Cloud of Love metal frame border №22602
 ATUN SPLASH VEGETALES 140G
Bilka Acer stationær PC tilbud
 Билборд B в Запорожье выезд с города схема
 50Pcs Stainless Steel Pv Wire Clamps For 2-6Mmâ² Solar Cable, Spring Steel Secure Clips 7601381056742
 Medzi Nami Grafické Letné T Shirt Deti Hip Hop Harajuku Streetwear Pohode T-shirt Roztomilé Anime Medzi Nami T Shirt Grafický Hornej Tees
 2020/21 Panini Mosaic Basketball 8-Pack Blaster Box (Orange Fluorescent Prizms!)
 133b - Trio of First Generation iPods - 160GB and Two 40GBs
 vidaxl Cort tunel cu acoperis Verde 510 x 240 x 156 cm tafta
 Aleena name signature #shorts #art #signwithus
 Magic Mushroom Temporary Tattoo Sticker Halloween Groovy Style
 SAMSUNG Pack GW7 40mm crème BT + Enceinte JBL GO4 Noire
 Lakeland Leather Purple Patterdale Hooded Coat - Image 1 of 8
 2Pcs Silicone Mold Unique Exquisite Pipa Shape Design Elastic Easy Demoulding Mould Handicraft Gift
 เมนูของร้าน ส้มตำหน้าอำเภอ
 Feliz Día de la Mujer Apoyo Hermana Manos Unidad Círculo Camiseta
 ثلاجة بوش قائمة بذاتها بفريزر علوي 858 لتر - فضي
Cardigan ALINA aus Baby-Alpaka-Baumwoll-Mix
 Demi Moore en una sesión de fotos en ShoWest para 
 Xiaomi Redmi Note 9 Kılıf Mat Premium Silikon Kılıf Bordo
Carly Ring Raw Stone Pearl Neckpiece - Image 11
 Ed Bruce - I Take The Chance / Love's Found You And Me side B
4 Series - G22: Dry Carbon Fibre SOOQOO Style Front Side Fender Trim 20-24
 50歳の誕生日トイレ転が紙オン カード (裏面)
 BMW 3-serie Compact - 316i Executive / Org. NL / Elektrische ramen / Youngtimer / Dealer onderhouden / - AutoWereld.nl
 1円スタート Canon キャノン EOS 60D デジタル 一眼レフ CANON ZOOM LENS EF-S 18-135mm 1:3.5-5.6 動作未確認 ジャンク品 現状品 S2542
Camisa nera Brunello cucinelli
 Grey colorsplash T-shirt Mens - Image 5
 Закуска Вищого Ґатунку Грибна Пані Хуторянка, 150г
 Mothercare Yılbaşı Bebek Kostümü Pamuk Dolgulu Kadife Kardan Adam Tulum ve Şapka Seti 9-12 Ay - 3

--------------------

## Exercise aim
Return, exactly as written, only those lines that run from the one with "Feliz Día de" to the last line of the data, both of those lines included.

## Output of the exercise
 Feliz Día de la Mujer Apoyo Hermana Manos Unidad Círculo Camiseta
 ثلاجة بوش قائمة بذاتها بفريزر علوي 858 لتر - فضي
Cardigan ALINA aus Baby-Alpaka-Baumwoll-Mix
 Demi Moore en una sesión de fotos en ShoWest para 
 Xiaomi Redmi Note 9 Kılıf Mat Premium Silikon Kılıf Bordo
Carly Ring Raw Stone Pearl Neckpiece - Image 11
 Ed Bruce - I Take The Chance / Love's Found You And Me side B
4 Series - G22: Dry Carbon Fibre SOOQOO Style Front Side Fender Trim 20-24
 50歳の誕生日トイレ転が紙オン カード (裏面)
 BMW 3-serie Compact - 316i Executive / Org. NL / Elektrische ramen / Youngtimer / Dealer onderhouden / - AutoWereld.nl
 1円スタート Canon キャノン EOS 60D デジタル 一眼レフ CANON ZOOM LENS EF-S 18-135mm 1:3.5-5.6 動作未確認 ジャンク品 現状品 S2542
Camisa nera Brunello cucinelli
 Grey colorsplash T-shirt Mens - Image 5
 Закуска Вищого Ґатунку Грибна Пані Хуторянка, 150г
 Mothercare Yılbaşı Bebek Kostümü Pamuk Dolgulu Kadife Kardan Adam Tulum ve Şapka Seti 9-12 Ay - 3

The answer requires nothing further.